Functionalized metal-organic framework and MOF-derived materials for bone regeneration applications.

Bone defects resulting from trauma, tumors, infections, and aging present significant clinical challenges, with conventional grafts hindered by limitations in biocompatibility, mechanical strength, and integration. Metal-organic frameworks (MOFs), as advanced nanomaterials with tunable porosity, high surface area, and stimuli-responsive properties, hold immense potential for bone regeneration. This review provides a comprehensive overview of the classification, synthesis methods, osteogenic mechanisms, and applications of functionalized MOFs and their derivatives in bone repair. MOFs are classified based on structural topology, chemical composition, and functional applications. Synthesis techniques, including solvothermal, ultrasonic, and electrochemical approaches, are evaluated for customizing physical properties such as pore architecture and stability. Osteogenic mechanisms encompass enhancing implant physical characteristics to promote cell adhesion, sustained release of metal ions to activate signaling pathways, controlled drug delivery for targeted therapy, and anti-inflammatory/antioxidant effects through reactive oxygen species scavenging.
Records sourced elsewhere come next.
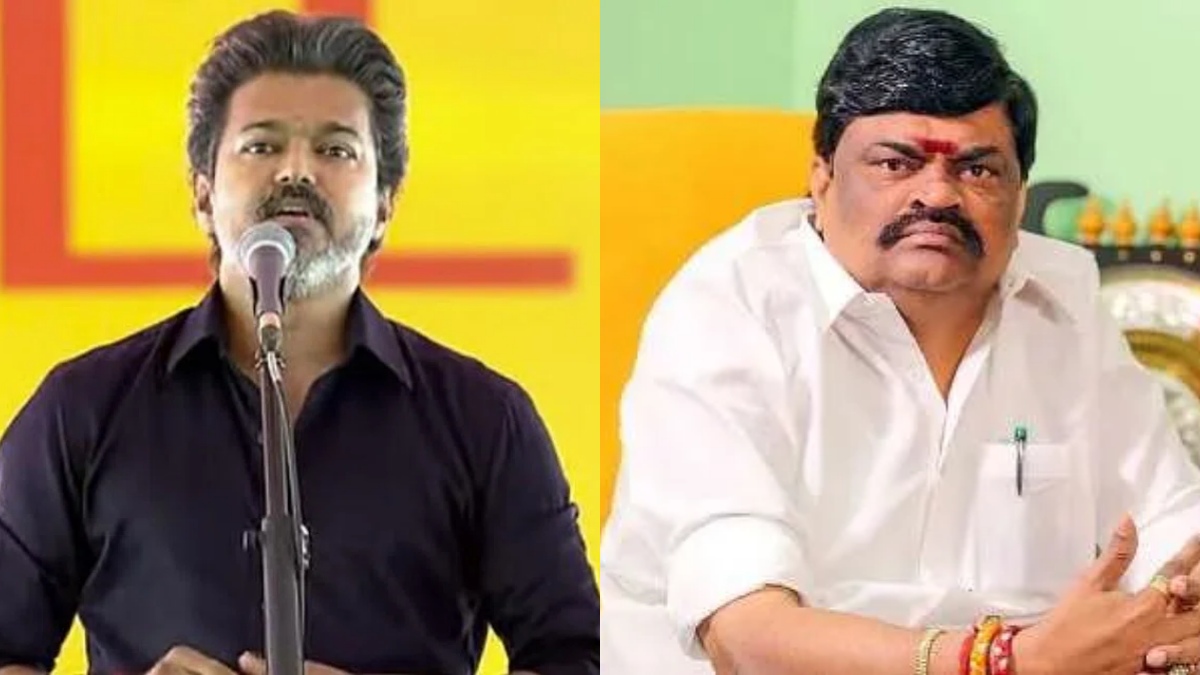 tamil.oneindia.com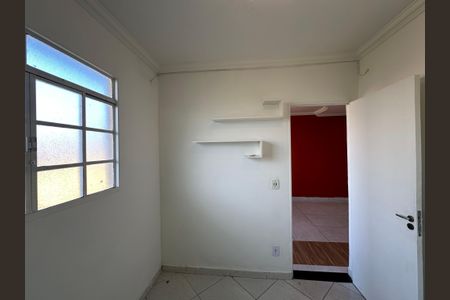 Casa à venda com 50m², 2 quartos e sem vaga
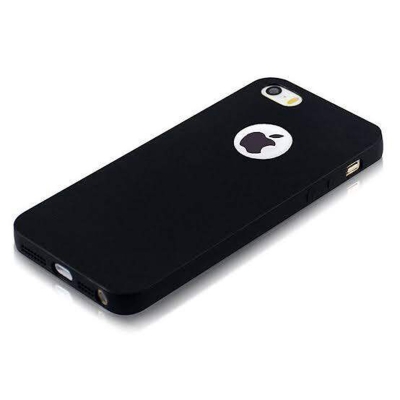 Picture of For Xiaomi Redmi Note 12 Pro Plus 5g Soft Silicon Case Back Cover 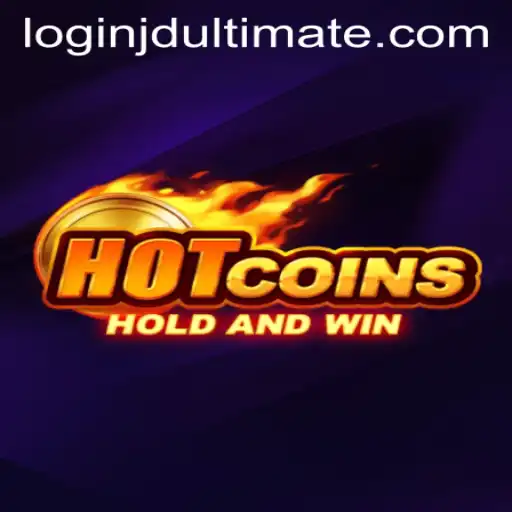 Unveiling HotCoins: The Ultimate Gaming Experience with JD UITIMATE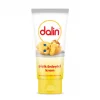 Dalin Pişik Kremi 100 Ml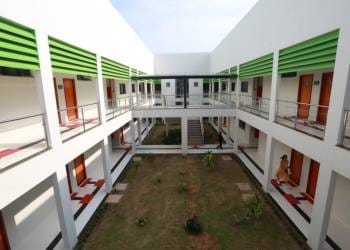 Governo Federal anuncia 100 novos campi de Institutos Federais e AM é contemplado com duas unidades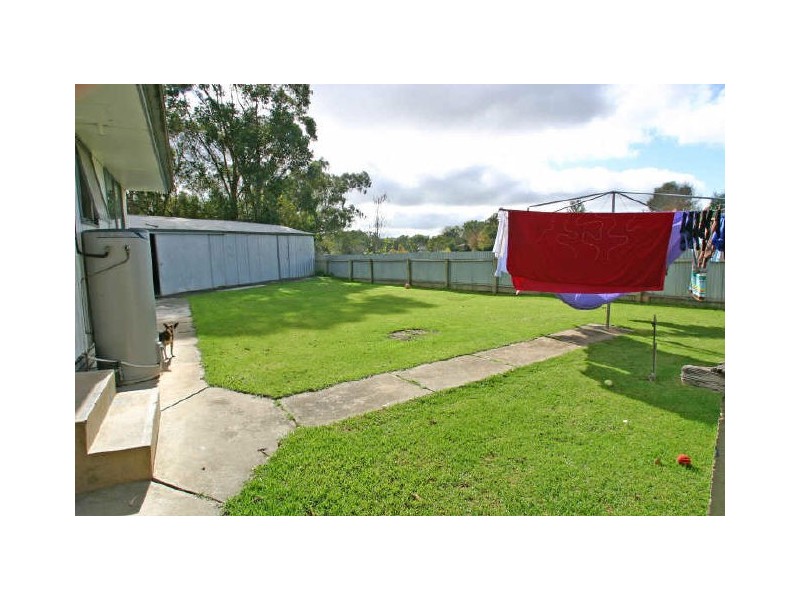 5 Whittaker Court, Mount Barker SA 5251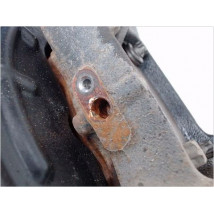 PIVOT ARRIERE GAUCHE FIAT 500 X 14-19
Applications address various bone pathologies, demonstrating improved angiogenesis, osteointegration, and antibacterial performance in preclinical studies. Key challenges, including cytotoxicity, long-term biosafety, and scalability, are discussed, alongside strategies like surface modification and hybrid composites to overcome these barriers. Future perspectives focus on developing smart MOF-based scaffolds for personalized regenerative medicine, underscoring their transformative potential in orthopedic therapies.